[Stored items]
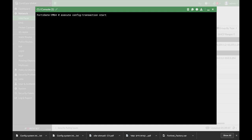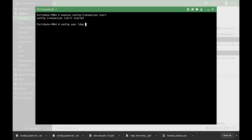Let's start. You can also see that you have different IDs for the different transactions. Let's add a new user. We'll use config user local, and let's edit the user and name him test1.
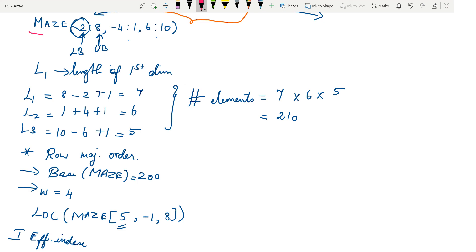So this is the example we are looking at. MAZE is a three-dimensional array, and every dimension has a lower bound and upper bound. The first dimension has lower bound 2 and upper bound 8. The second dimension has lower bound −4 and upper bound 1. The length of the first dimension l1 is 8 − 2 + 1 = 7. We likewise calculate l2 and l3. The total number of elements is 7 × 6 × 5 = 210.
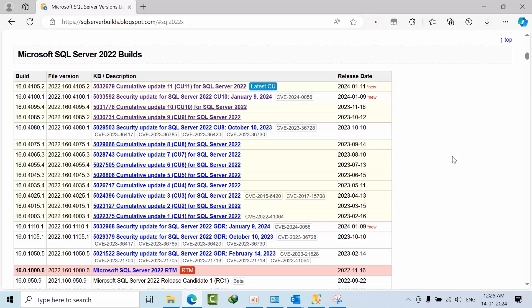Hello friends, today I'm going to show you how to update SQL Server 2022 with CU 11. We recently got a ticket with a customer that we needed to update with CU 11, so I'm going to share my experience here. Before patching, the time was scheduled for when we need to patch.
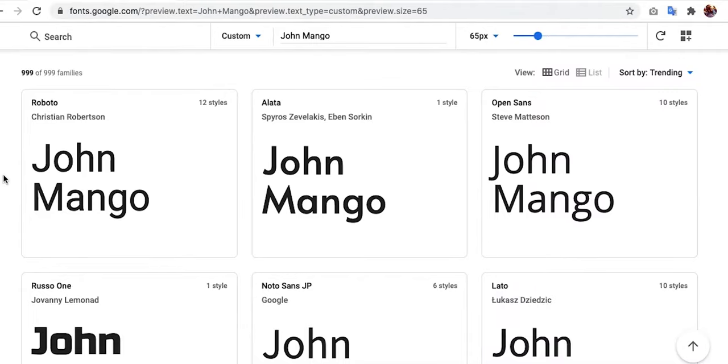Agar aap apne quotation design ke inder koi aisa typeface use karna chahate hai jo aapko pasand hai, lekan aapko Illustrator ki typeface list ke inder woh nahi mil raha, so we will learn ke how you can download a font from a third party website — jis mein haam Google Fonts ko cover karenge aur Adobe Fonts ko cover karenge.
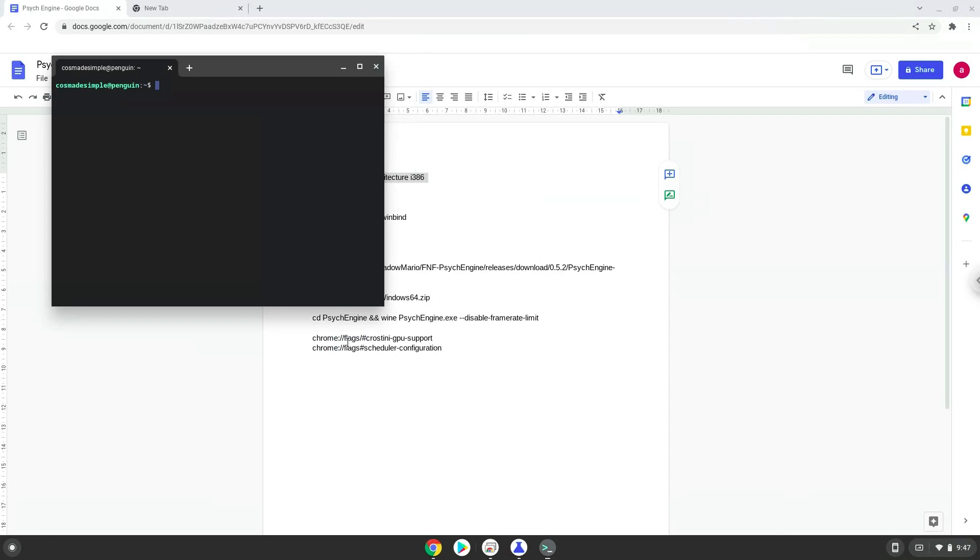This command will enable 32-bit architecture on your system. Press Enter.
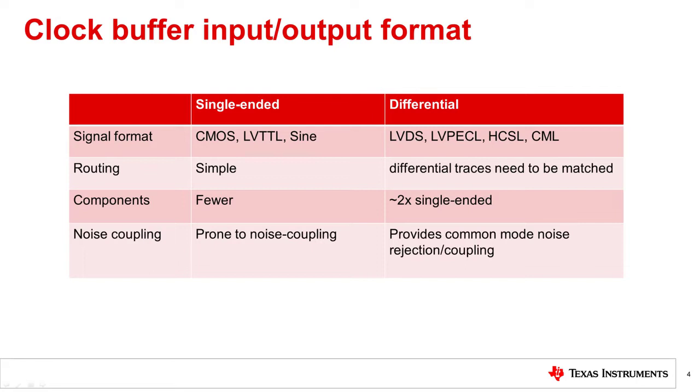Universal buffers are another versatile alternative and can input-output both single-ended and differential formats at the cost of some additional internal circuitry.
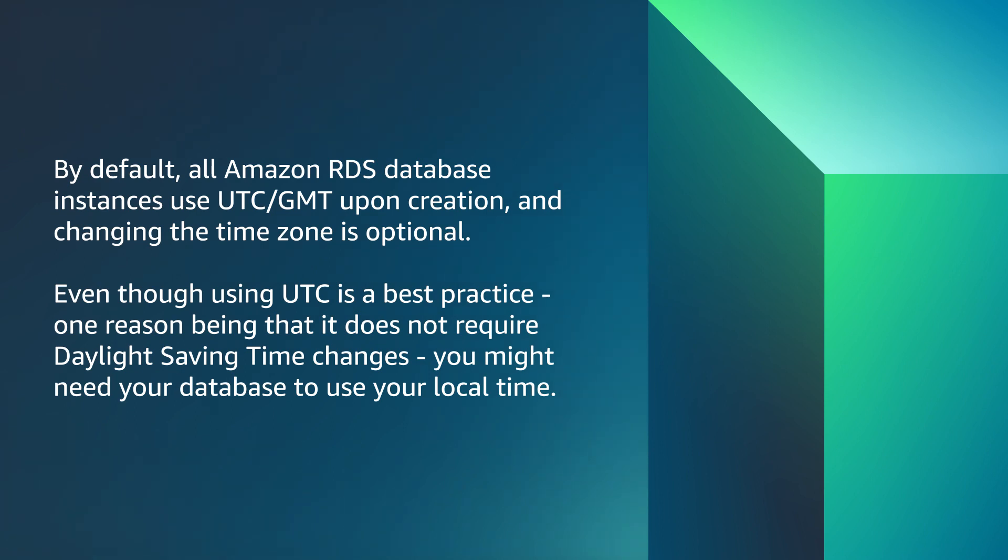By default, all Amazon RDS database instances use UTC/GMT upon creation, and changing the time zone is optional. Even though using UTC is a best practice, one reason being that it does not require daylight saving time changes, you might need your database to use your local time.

(What is required) The answer must be an exact copy of the lines from the one with "This command will" through the final line above, both ends included, and nothing else; pictures stay out.

(Problem solution)
This command will enable 32-bit architecture on your system. Press Enter.
Universal buffers are another versatile alternative and can input-output both single-ended and differential formats at the cost of some additional internal circuitry.
By default, all Amazon RDS database instances use UTC/GMT upon creation, and changing the time zone is optional. Even though using UTC is a best practice, one reason being that it does not require daylight saving time changes, you might need your database to use your local time.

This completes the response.